**TASK REQUIREMENTS:** All that is wanted is the line with "2019 Audi e-tron quattro Premium Plus" and each line after it to the end of the data below, set down exactly and without pictures.

Data records
=-=-=
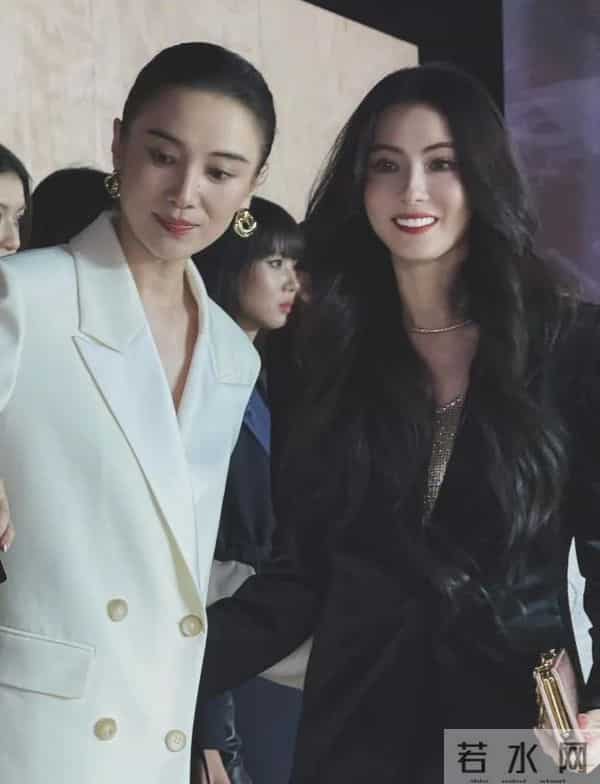 别被网上的照片骗了，这才是原相机下50岁未修图的张柏芝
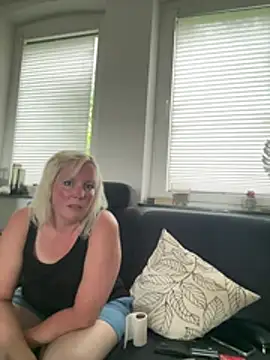 Corahoney paar online show from 07/31/26, 05:07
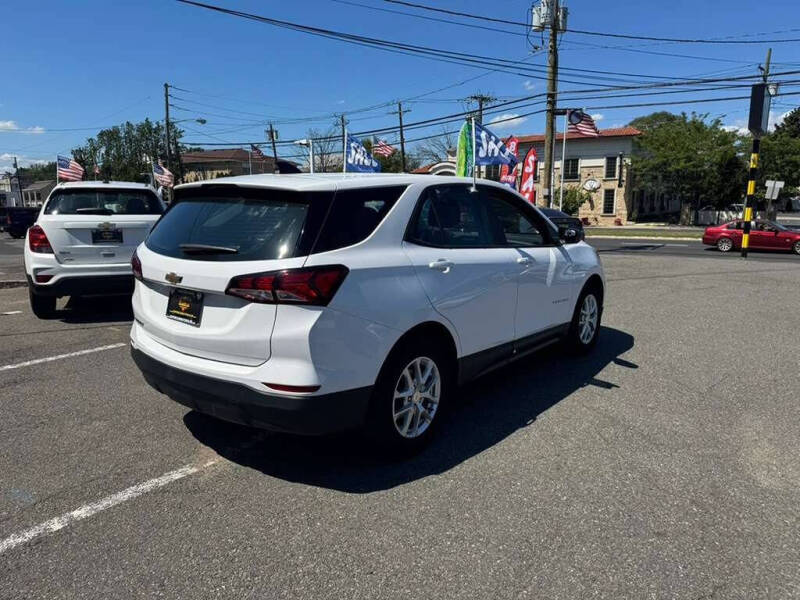 2022 Chevrolet Equinox LS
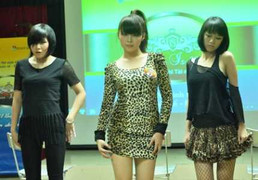 Nữ sinh khoa Quốc tế khoe vũ đạo quyến rũ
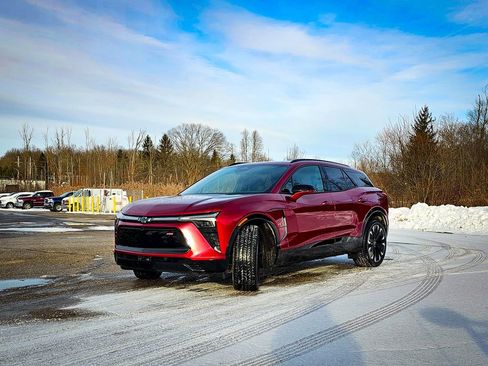 Certified 2024 Chevrolet Blazer EV RS image 8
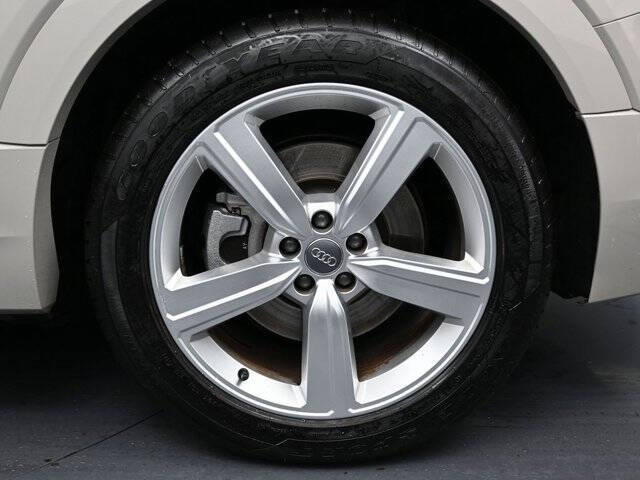 2019 Audi e-tron quattro Premium Plus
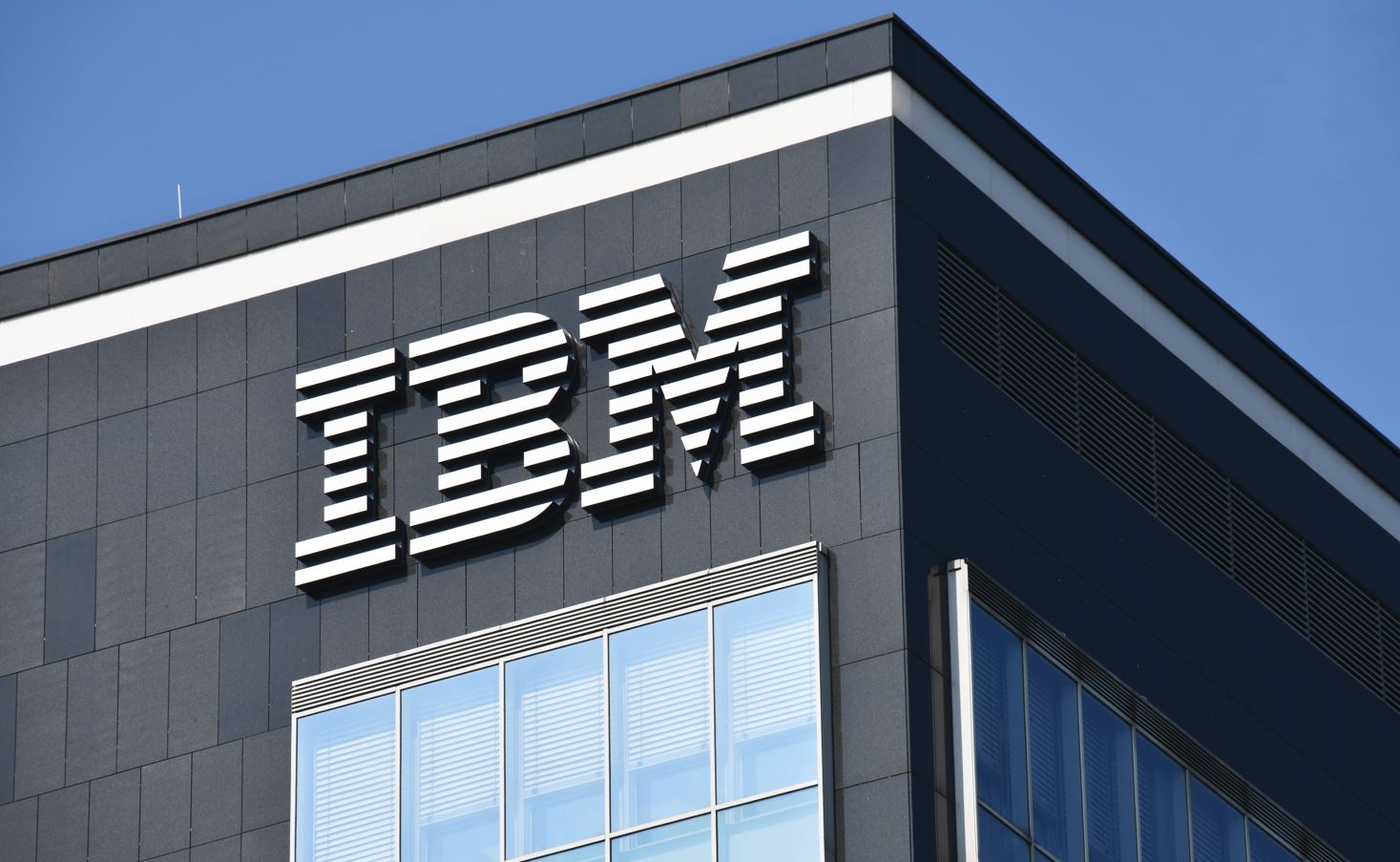 IBM adquiere StepZen para optimizar sus servicios de gestión de datos y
=-=-=
**EXERCISE OUTPUT:**
 2019 Audi e-tron quattro Premium Plus
 IBM adquiere StepZen para optimizar sus servicios de gestión de datos y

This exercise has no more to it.